Build voice and multimodal agents with Pipecat
Use Pipecat to define realtime voice and multimodal agent pipelines with transports, model providers, tools, and turn-taking tests.
npx skills add agentskillexchange/skills --skill build-voice-and-multimodal-agents-with-pipecat
Pipecat is an open-source framework for realtime voice and multimodal conversational AI. This skill is for developers who need to define a conversation pipeline, connect audio or video transport, add model providers and tools, and test latency, interruption, and turn-taking behavior. Invoke it when the target workflow is a realtime voice or multimodal agent rather than a text-only assistant. The boundary is the conversational pipeline and runtime behavior, not a generic media SDK listing.
What this skill actually does
Inputs and prerequisites: Pipecat, audio or video transport, model provider credentials.

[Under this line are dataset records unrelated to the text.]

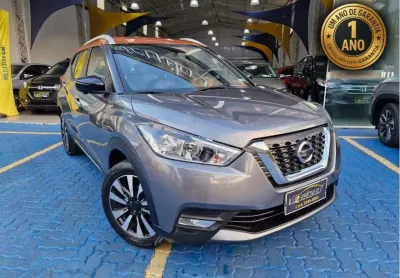 Nissan kicks 2018 1.6 16v flexstart sl 4p xtronic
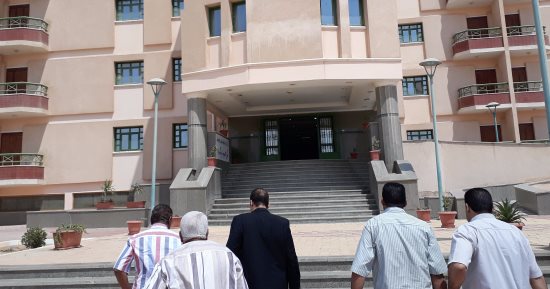 بالصور.. حملة أمنية مفاجئة على مبانى المدينة الجامعية بمحافظة سوهاج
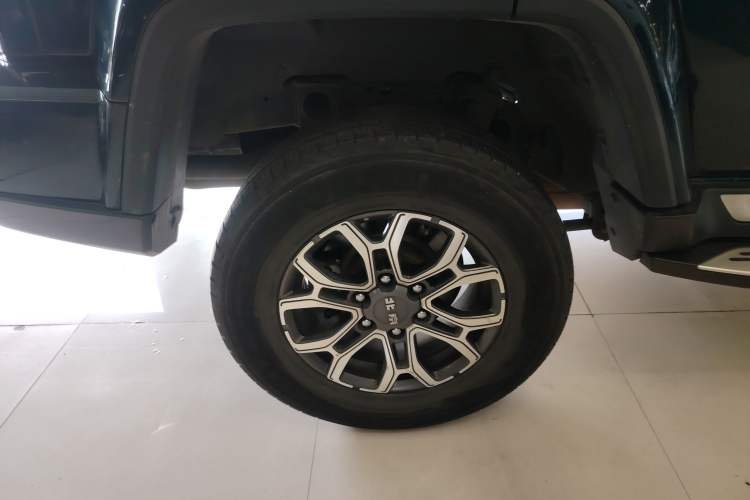Used BAIC Off-Road BJ40 2020 2.0T Automatic Four-Wheel Drive Urban Hunter Edition Chivalrous Type Exterior 2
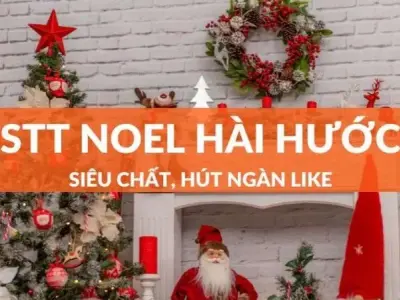 Những câu châm ngôn hay về noel hài hước, vui nhộn mang lại tiếng cười cho mọi người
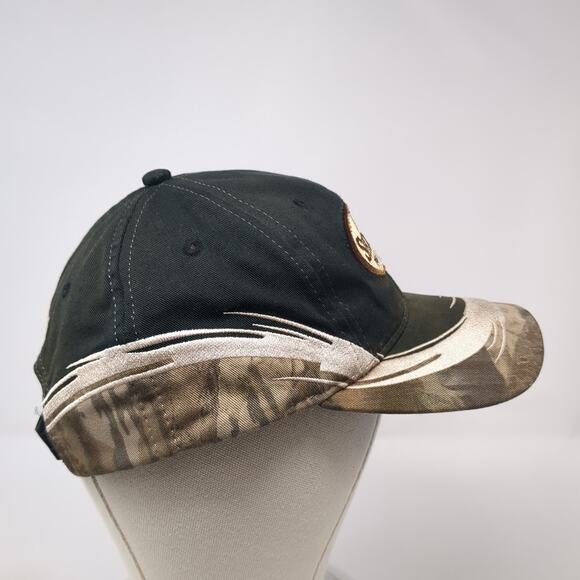 Jim Shockey Pro-Staff Strapback Baseball Cap Multicolor OS AJM International - Picture 5 of 9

Setup notes: Follow the Pipecat repository setup instructions, configure the selected transport and model providers, define the conversational pipeline and tools, then test realtime latency and turn-taking.
Source and verification boundary: use https://github.com/pipecat-ai/pipecat as the canonical reference before running the workflow; keep commands, API calls, CLI usage, and generated outputs reviewable against that upstream source.
Framework fit: publish this as a Custom Agents workflow only when the operator can invoke the documented toolchain directly, rather than treating the upstream project as a generic product listing.